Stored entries
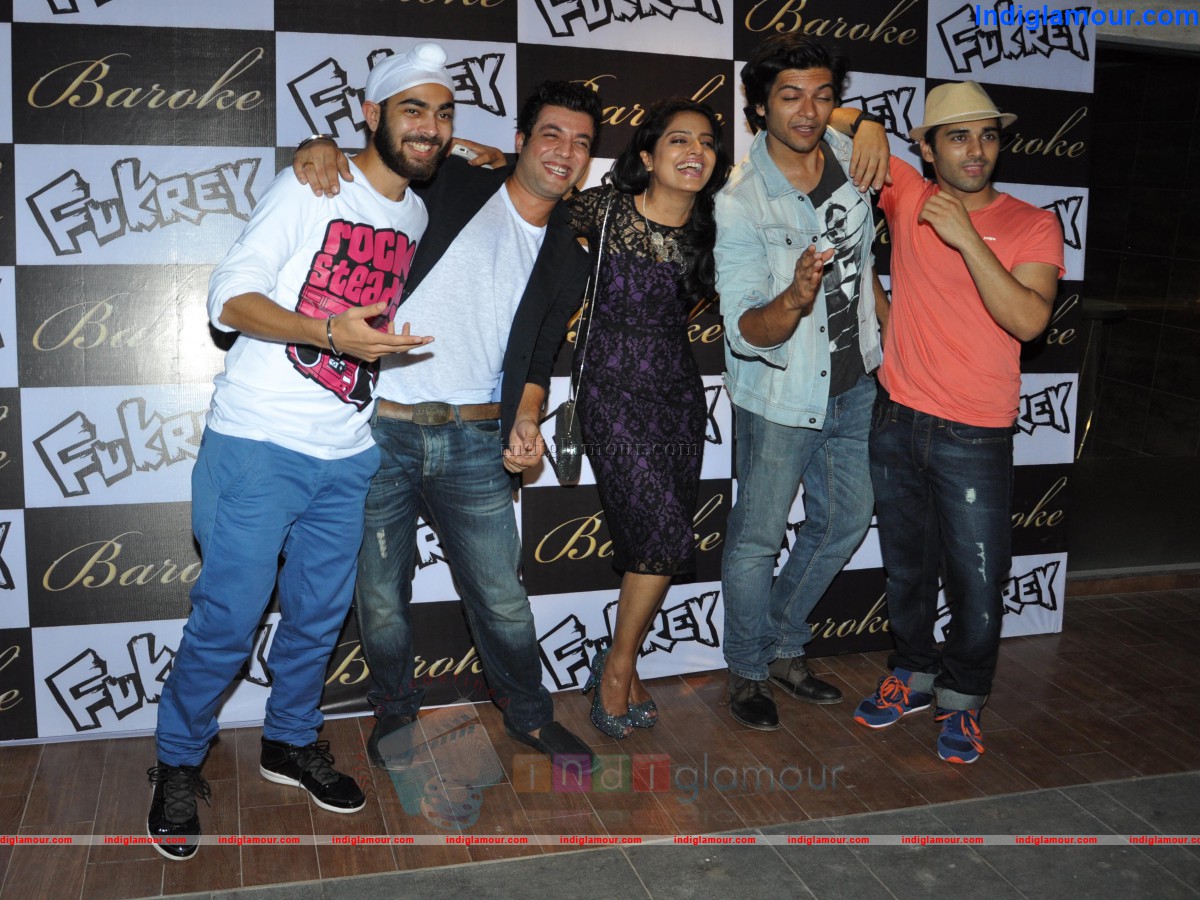 Promotion of Film Fukrey Event hd photo
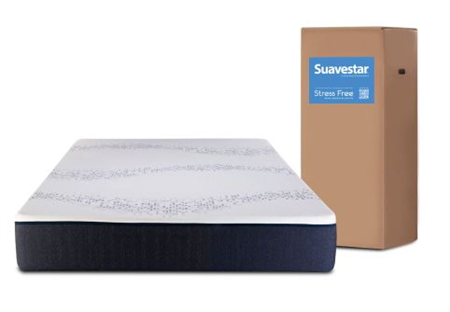 Colchón SUAVESTAR 140x190x21 Stress Free en caja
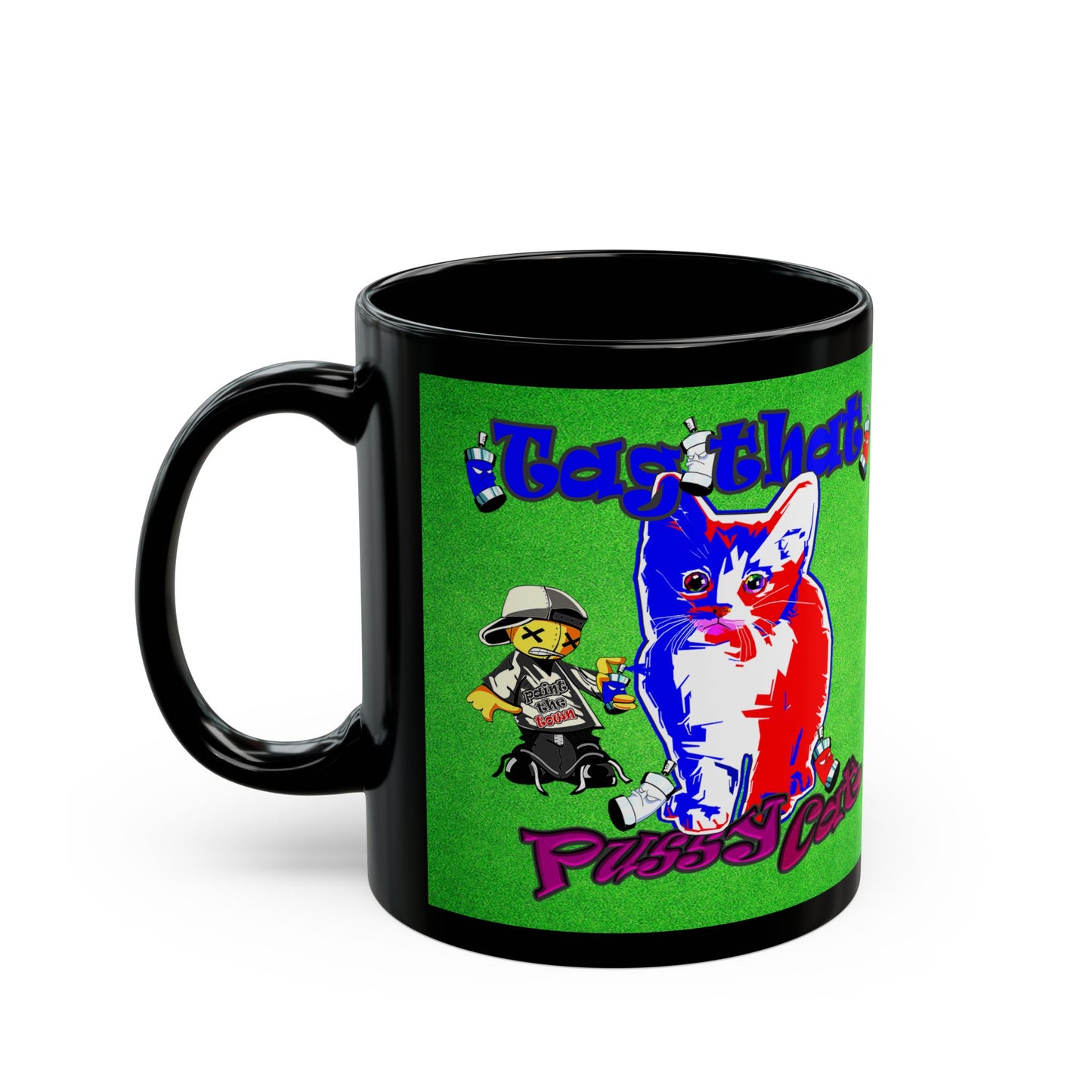 tag that - Black Mug (green turf)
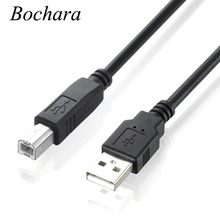 Bochara USB 2.0 Printer Cable Type A Male to Type B Male Foil+Braided(inside) Shielded 30cm 50cm 1m 1.5m 1.8m 3m 5m 2024 - buy cheap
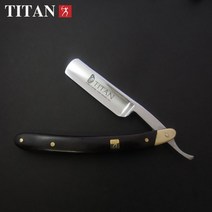 타이탄 바버샵 클래식 면도기 일자 수동 전문 이발소 미용실 칼날 눈썹 면도칼 고급 세트, 흑단단일구리헤드면도기세트(상세페이지 참고)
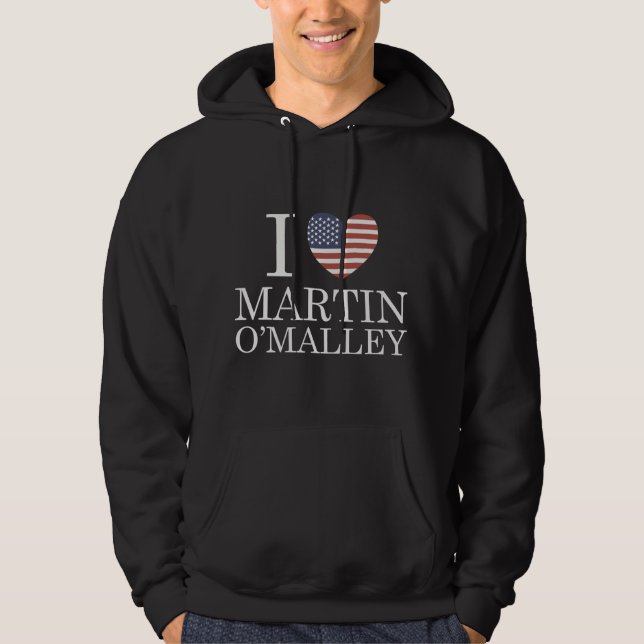 I Kärlek Martin O'Malley Hoodie (Framsida)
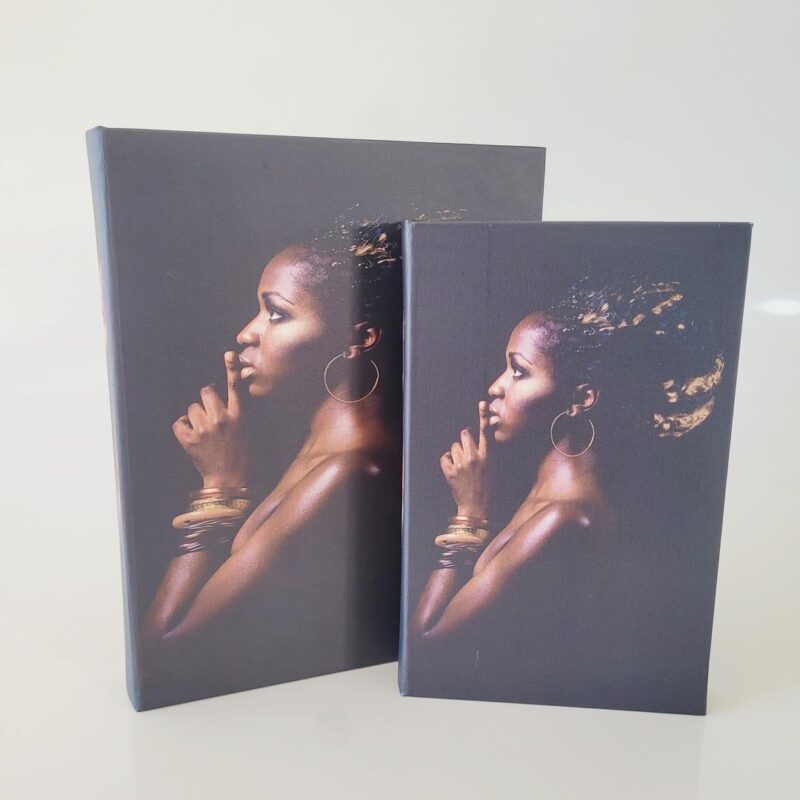 Caixa livro Negra M 26x17x3,5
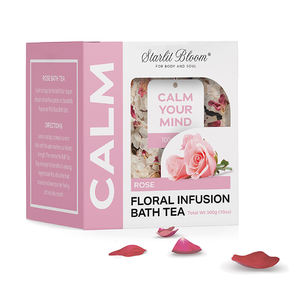 OEM/ODM Großhandel Florale Kräuter Rosa Luxus Lavendel Rosen Badesalz Bade-Teebeutel Verpackung mit Blumen - Product Image 3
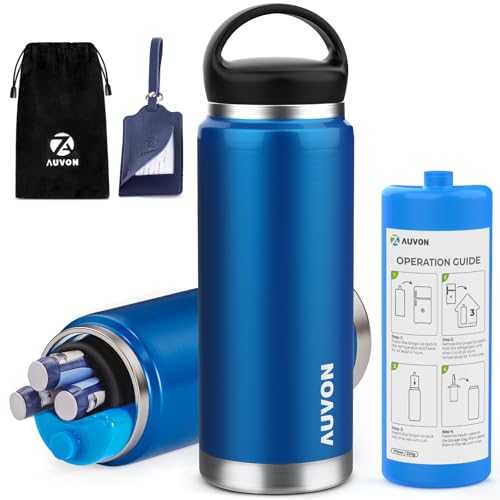 AUVON Insulin Cooler Travel Case Keeps Insulin Cool up to 44H for 3–5 Pens, Gel Ice Pack & Pouch Protect Medication from F...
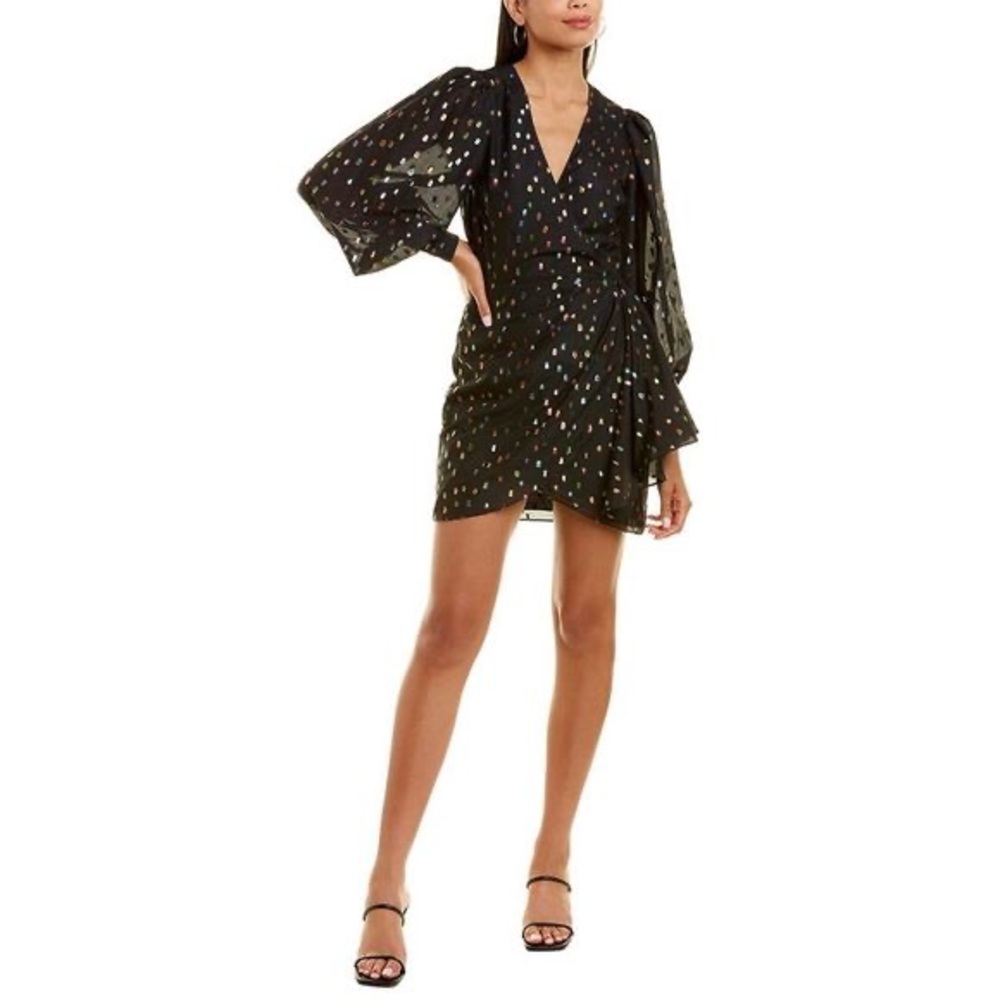 Yumi Kim All or Nothing Sheer Black & Polka Dot Mini Dress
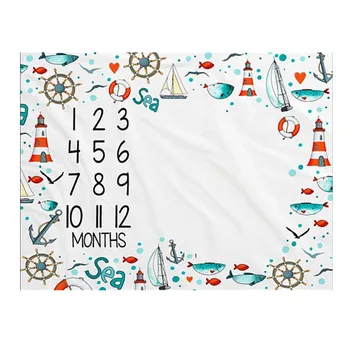 baby boy monthly milestone blanket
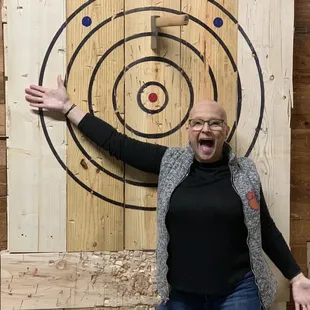 Breast cancer survivor loving life!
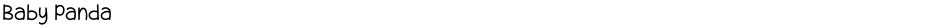 Baby PandaDemo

▶ **TASK TO CARRY OUT**:
When copying the entries, drop the images and keep every line exact.

▶ **EXERCISE SOLUTION**:
 Promotion of Film Fukrey Event hd photo
 Colchón SUAVESTAR 140x190x21 Stress Free en caja
 tag that - Black Mug (green turf)
 Bochara USB 2.0 Printer Cable Type A Male to Type B Male Foil+Braided(inside) Shielded 30cm 50cm 1m 1.5m 1.8m 3m 5m 2024 - buy cheap
 타이탄 바버샵 클래식 면도기 일자 수동 전문 이발소 미용실 칼날 눈썹 면도칼 고급 세트, 흑단단일구리헤드면도기세트(상세페이지 참고)
 I Kärlek Martin O'Malley Hoodie (Framsida)
 Caixa livro Negra M 26x17x3,5
 OEM/ODM Großhandel Florale Kräuter Rosa Luxus Lavendel Rosen Badesalz Bade-Teebeutel Verpackung mit Blumen - Product Image 3
 AUVON Insulin Cooler Travel Case Keeps Insulin Cool up to 44H for 3–5 Pens, Gel Ice Pack & Pouch Protect Medication from F...
 Yumi Kim All or Nothing Sheer Black & Polka Dot Mini Dress
 baby boy monthly milestone blanket
 Breast cancer survivor loving life!
 Baby PandaDemo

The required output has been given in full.